Using Patterns to Determine Reversals or Continuation

Markets generally consolidate within a trend and either correct or continue which can be determined by using specific continuation or reversal chart patterns.  By evaluating these types of patterns, you can trade the market and enter when you are comfortable that either a correction is bound to take place or a continuation is poised to ensue.

Using Patterns to Determine Reversals or Continuation

Head and Shoulder

The most commonly used reversal pattern is the head and shoulder reversal pattern.  This pattern generally occurs as the end of an uptrend.  A reverse head and shoulder pattern usually occurs as the end of a downtrend. A head gets its name when because the pattern looks like a personal head and shoulders.

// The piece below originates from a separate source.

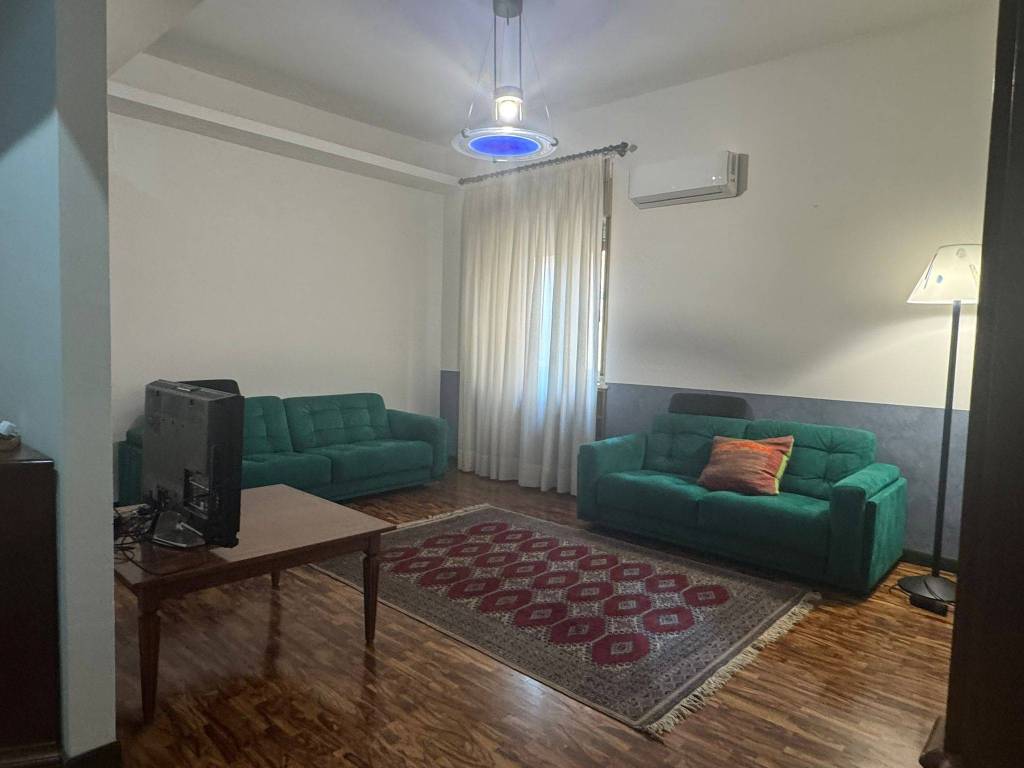 Appartamento a Caltanissetta in Viale Trieste, 43 - Foto 5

At the end of an uptrend, a correction occurs, as supply overtakes demand.  Here prices are pushed lower as investors take profits.  Volume plays a very important role here.  If volume picks up as prices move lower, traders can be confident that the uptrend could be on its last legs.  The left shoulder is completed as prices find support and begin to move higher.  The area of support is referred to as the neckline.

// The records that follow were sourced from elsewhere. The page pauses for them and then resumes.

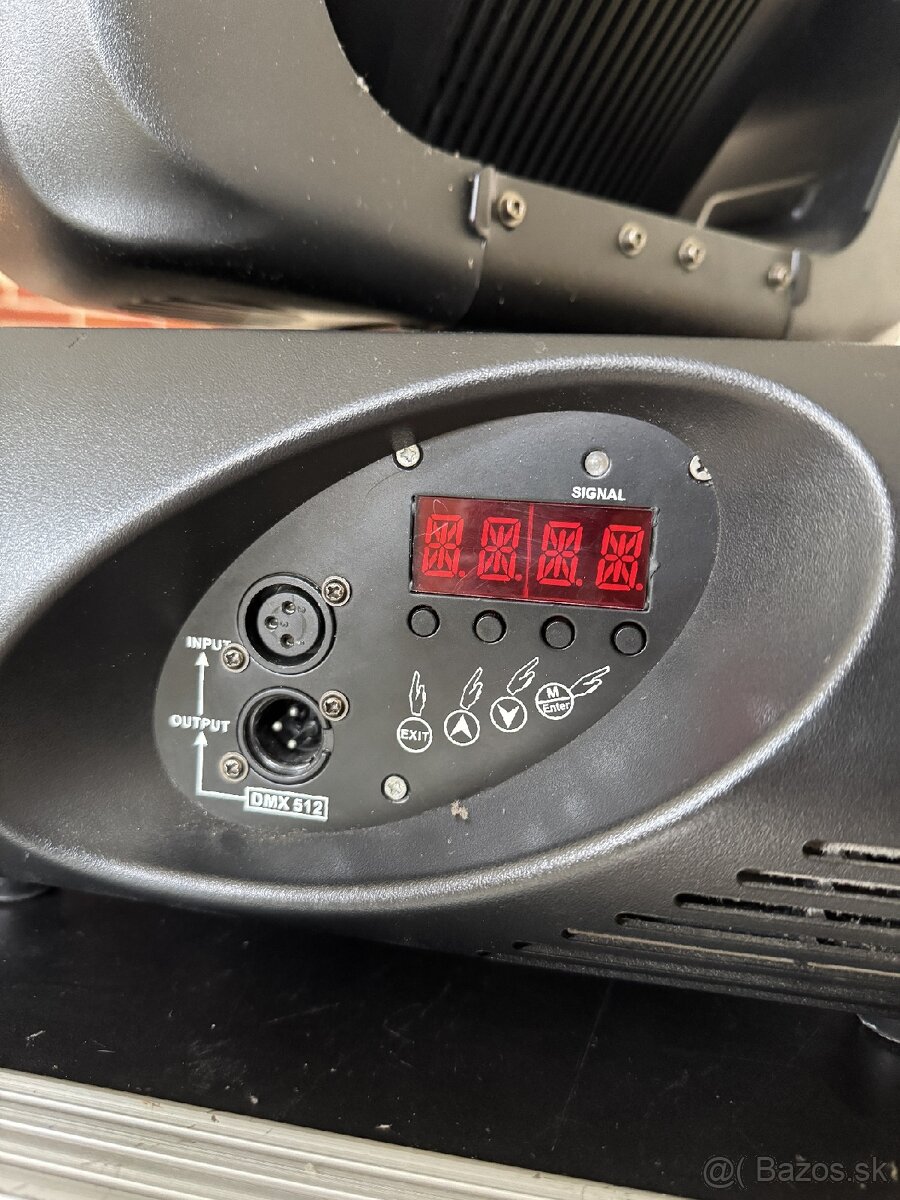 Predám 2x otočnú hlavu Apollo AP-V2460 (SPOT) + 2x rack - 6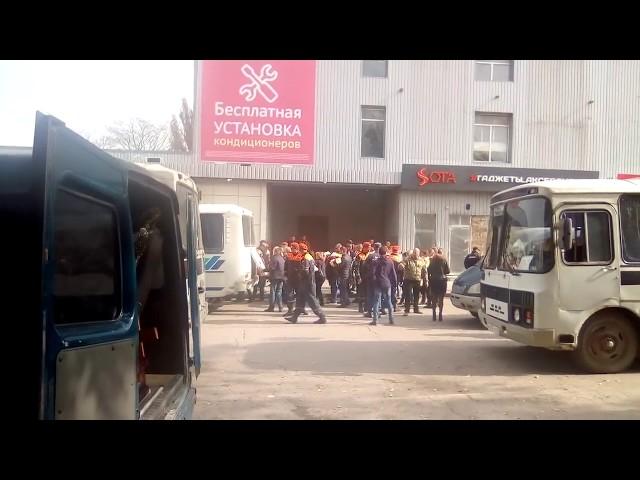 Похороны жертв массового убийства в Керчи(ужасные кадры....погибшие)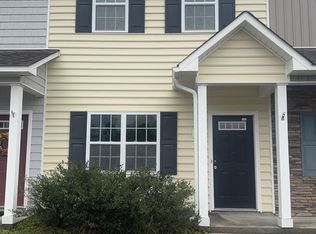 626 Ebb Tide Ln, Sneads Ferry, NC 28460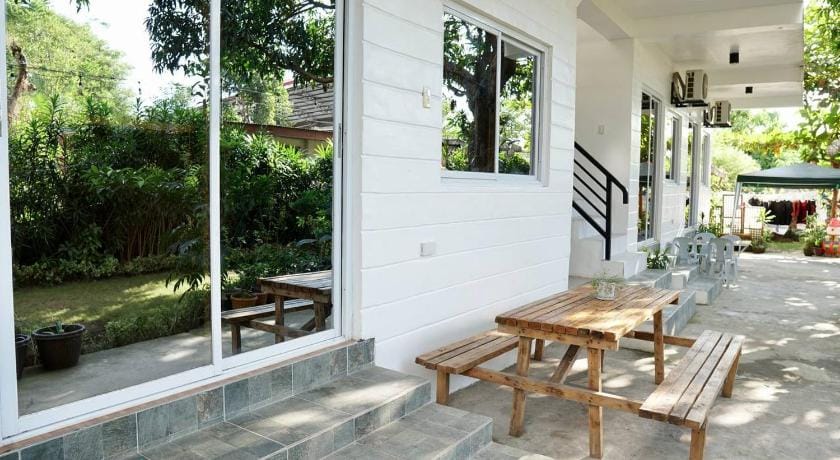 Location One Eighty Bed and Breakfast in La Union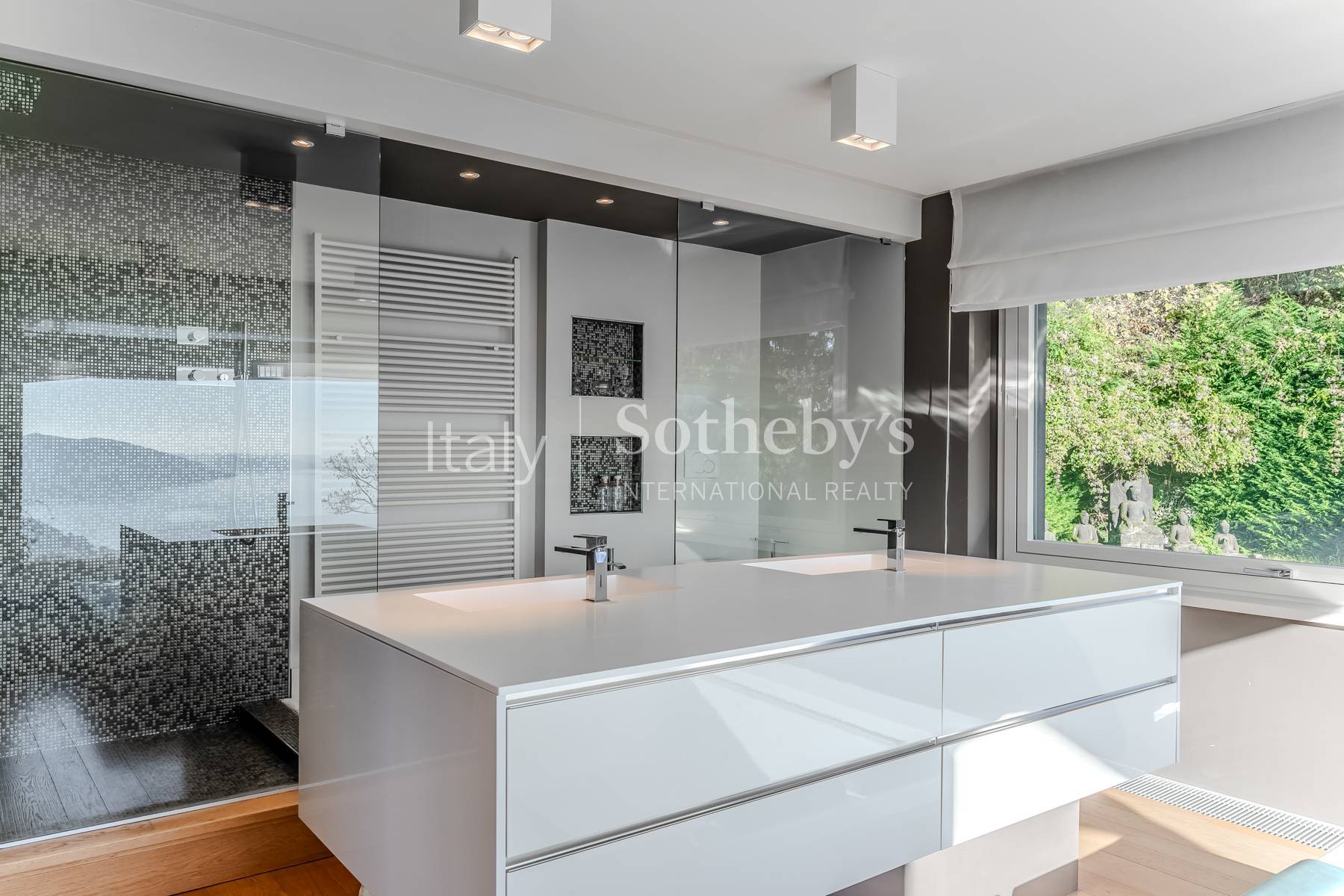  Exclusive modern villa with panoramic lake views and spa - 物件實景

Demand then begins to exceed supply as is usually the case in an uptrend.  Prices break out to fresh highs, but generally volume is declining. If volume in increasing, it can be hard to determine if a head and shoulders is forming.  Once a fresh high is formed, the head is complete, and prices begin to decline back through the left shoulder and down to the neckline.

Traders are still bullish when the head pattern occurs, and the higher high generally reflects this scenario.  At the neckline, traders will purchase the security with the hopes that the market will again move higher.  Resistance is hit as the right should is formed which is always lower than the head and generally lower than the left shoulder.  Volume begins to pick up as prices move lower toward the neckline. When prices break through the neckline, volume generally surges reflecting the completion of the reversal pattern.


A continuation pattern is a pause that refreshes.  Flag patterns are continuation patterns that form the shape of a flag.  After a security breaks out to fresh highs, it will consolidate moving lower forming inside days, as traders take stock of the recent break out.  For a bull flag pattern, prices will edge lower for a couple of days as the consolidation takes hold.  For a break flag patter, prices will generally edge higher.  A flag pattern is complete when prices either hit a new fresh high for a bull flag pattern, or a new low on a bear flag pattern.


A triangle pattern represents indecision.  Attempts to push a market higher are met with resistance and attempts to drive the market lower are met with support.  The movements become shallower as further indecision takes hold. As price action consolidates, energy starts to build which is released once a new high is breached or a new low is hit.  Generally, the break out or break down is met with increasing volume. Triangles can be symmetrical or ascending or descending.

Patterns generally occur during consolidation periods, and can help you determine if a market is poised to reverse or pauing before refreshing.